Teaching Theology for 140 Years - XIX.
Apologetics, or the Defence of the Faith, is a vital subject in any theological curriculum today. Every responsible Christian has a shelf of apologetics works. Unfortunately all too often this vital task is left to mavericks outside the oversight of the Church, and to men with little theological training. No field is more open to abuse by the semi-educated, or by those who substitute philosophy for the Bible.
Today we are blessed with a number of excellent Reformed apologists. In the second half of the nineteenth century, things were rather different. For one thing, apologetics in the English-speaking world was entirely dominated by the study of 'evidences' for the Christian faith, for another, the attacks came from German Rationalism in particular, and were dominated by a reductionist version of Christianity, shorn of its miracles, not by radical atheism. The Synod of the United Presbyterian Church faced this situation as they considered the appointment of a Professor of Apologetical Theology. There was only one man in their sights, the Rev. Dr. John Cairns of Berwick-Upon-Tweed (pictured). A brilliant man, Cairns had himself been through the German University System, but was too thoughtful and too grounded in the faith to be led astray by the novelties of German speculation. In May 1867 Dr. Cairns was elected to the post. He was to fill it admirably, the best monument of his labours being his 1880 Cunningham Lectures on the subject of Unbelief in the Eighteenth Century, published by Adam and Charles Black in 1881. In this work he considered unbelief in England and Scotland, France and Germany, analysing the thought of such men as Toland, Hume, Voltaire, Rousseau, Reimarus and Lessing, closing with an overview of nineteenth century unbelief and how it had built on the eighteenth century writers. He closed with a pointed appeal to the students and ministers who heard and read his lectures to maintain the supernatural character of Christianity.
Dr. Cairns strove manfully to vindicate the old Scottish theology, and to show that Christianity is based on a divine revelation, not on human wisdom. The fact that he was the first Cunningham Lecturer not to belong to the Free Church of Scotland shows the regard with which he was viewed beyond the boundaries of his own church.

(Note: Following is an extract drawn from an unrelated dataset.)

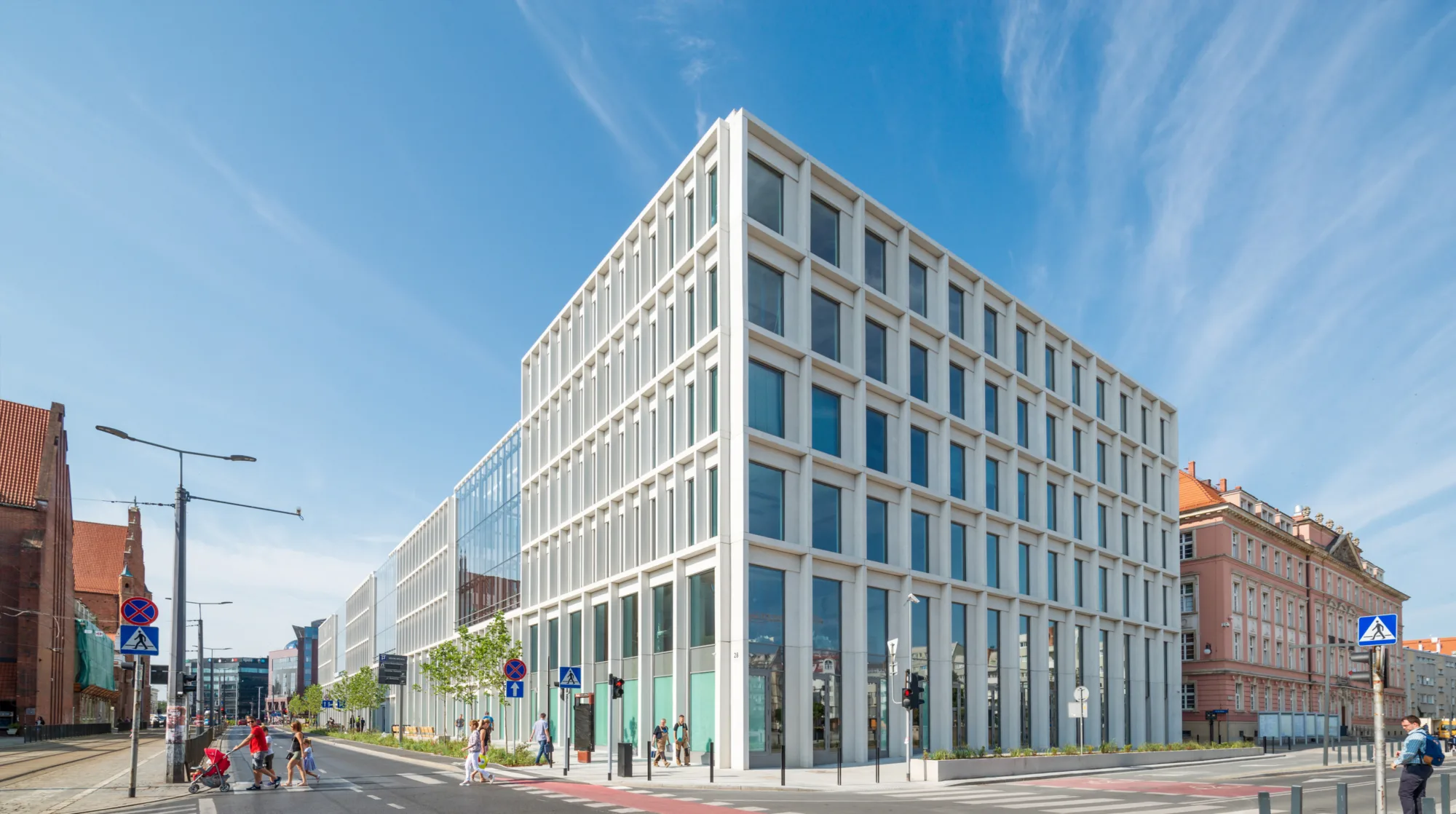 A day shot of exterior of the office building with a blue sky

The United presbyterian Hall functioned well. Its curriculum was equal to that of the schools of the other Scottish Presbyterian Churches, and it had among its faculty some of the best minds in the Scottish Churches. But the United Presbyterian Church Synod, as it considered its position as the third Presbyterian Church in the country, and the only one without a staff of full-time professors, began to think of change once again.